President Marcelo has ‘vetoed’ the government’s decree setting out the conditions for reprivatising TAP, citing three “critical issues” that require clarification.
Very much like the time when he vetoed the decree on teachers’ career progressions, this presidential power has its limits. Marcelo stresses he has previously asked for clarification on various points, but “these three specific but crucial questions” remain unanswered.
In his letter to the prime minister, shared on his official web page, Marcelo says he believes his question “can be clarified without too much delay, in other words, without harming the urgency of the process.”
Tight-lipped in Brussels where he was taking part in the European Council, prime minister António Costa said the president’s concerns would be answered. His office has since issued a short note saying the head of State’s points have been ‘registered’ by the PM and will be “duly pondered”.
Marcelo’s points involve wanting to know specifically what the State’s role will be in any future sale of the country’s flagship airline, stressing the importance of the “future effective capacity of the State to monitor and intervene in a strategic company such as TAP” if, for example, more than 51% of the company is sold.
Second, he questions the fact that “the decree-law allows TAP to sell or acquire, even before the decision to sell, any type of asset, without any further precision or criteria, which goes far beyond the planned integration of Portugália (TAP’s so called ‘low cost’ operation) into TAP SA“.
Third, Marcelo criticises the decree-law for “not ensuring total transparency, in a phase of contacts prior to the drawing up of the tender specifications, in other words, the rules that will guide the choice of the eventual buyer, at the very least making it clear that these will not be binding negotiations and that there will be a record of these contacts”.

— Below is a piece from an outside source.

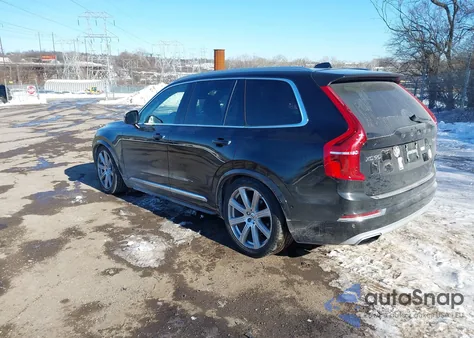 2016 Volvo Xc90 T6 Inscription z USA, uszkodzony, nr VIN YV4A22PL9G1073668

“In his opinion, this is “fundamental in order to guarantee that the procedures are fully impartial, should the question of the aforementioned transparency of the process and the choice of buyer be raised at a later date”.
“In his letter to the prime minister, the head of State writes that the law raises “multiple doubts and misgivings* in the light of the desired maximum transparency of the process”, writes Lusa.

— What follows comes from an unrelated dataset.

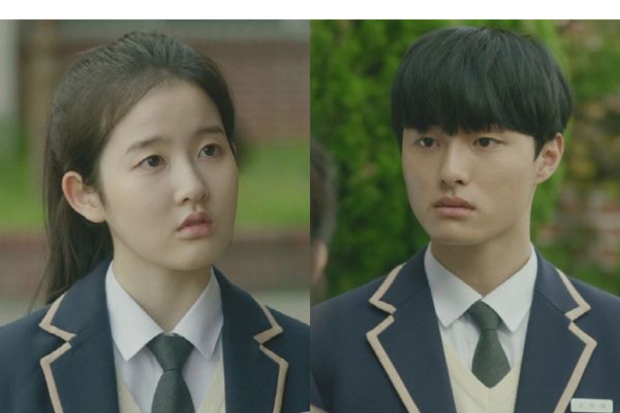 Yoon Chan Young dan Sieun STAYC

“I believe that maximum transparency must be ensured throughout the process that will lead to a decision to sell control of the company,” he adds.
This is very much a ‘controlled battle’. It has been clear from comments made in parliament that the government is fully-prepared to relinquish State control of TAP (having said only eight years ago how crucial State ownership was).
At the presentation of the decree at the Council of Ministers on September 28, finance Fernando Medina said the government intends to sell at least 51% of TAP’s capital – “that’s the minimum percentage“. Thus lack of clarification on how the State would stand in such a scenario is indeed crucial.
Opposition PSD have said this latest situation is just a culmination of “a soap opera of zigzags” on the whole subject of TAP, showing the government’s “enormous lack of transparency”.
It is also trouble with a diploma in which Marcelo’s political bête-noir, the infrastructures minister, will have played a key part.
*As to Marcelo’s expression about “multiple doubts and misgivings”, he said very much the same about a diploma he did promulgate recently, highlighting the discord that has opened up between the country’s president and its absolute majority government.